The argument that the implementation of daily revision in retail selling prices would lead to an increase in volatility does not hold much water
Brent crude oil prices have declined by 18.3% in November. But since the rupee, too, has declined against the US dollar, the Indian basket of crude oil has dropped at a slower pace of 12.3% to ₹ 4,355.87 per barrel in November. And yet, retail petrol and diesel prices in Delhi have dropped a much lower 1.4% and 1.6%, respectively, from 1 November to 1 December.
It’s easy to argue that oil companies typically revise prices every fortnight on the basis of average prices for the previous fortnight, which is why there is a lag. But these average calculations are not really for one fortnight. For instance, pricing for the first fortnight this month is based on the average prices from 13 November to 26 November.
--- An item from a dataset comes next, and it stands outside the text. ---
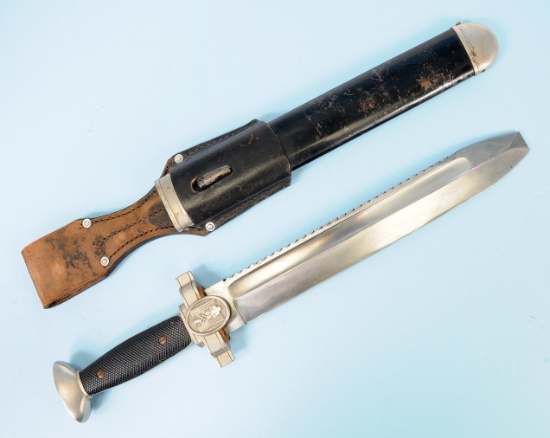 German Red Cross  WWII issue Enlisted Dress Dagger (KEN)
Pricing for the first fortnight of November was based on average prices from 11 October to 29 October.
Nevertheless, going by those calculations too, the drop in prices seems much lower than warranted. Consider this: average crude prices in the second fortnight of November declined by 9% compared with the second fortnight of October, according to data from the Petroleum Planning and Analysis Cell. And average crude prices of the Indian basket in the last fortnight itself fell by 5.5%. So how is it that consumers gained much less even through petrol and diesel pricing is supposed to be set by markets?
Sure, one reason for the stark variance is that the much-anticipated price cut in mid-November was said to be set off against the excise duty hike. Nevertheless, even after adjusting for the excise duty hike, petrol and diesel prices in Delhi have fallen by about 3.8% and 4.4%, respectively, in the last one month. Analysts reckon that international diesel prices haven’t fallen as much compared with Brent.
Still, the difference in the rate of decline between average prices in the Indian basket of crude and retail prices is difficult to ignore.
This leaves many questions. Why aren’t prices actually market-related? There is no reason why we cannot look at daily change in retail fuel prices in India when international oil prices and currency exchange rate details are published on a daily basis. The argument that the implementation of daily revision in retail selling prices would lead to an increase in volatility does not hold much water given the fact that prices of another significant commodity, gold, are updated on a daily basis. Secondly, how is it that retail prices of the state-run oil marketers are almost similar? Finally, the million dollar question is, why is the entire benefit not passed on to consumers?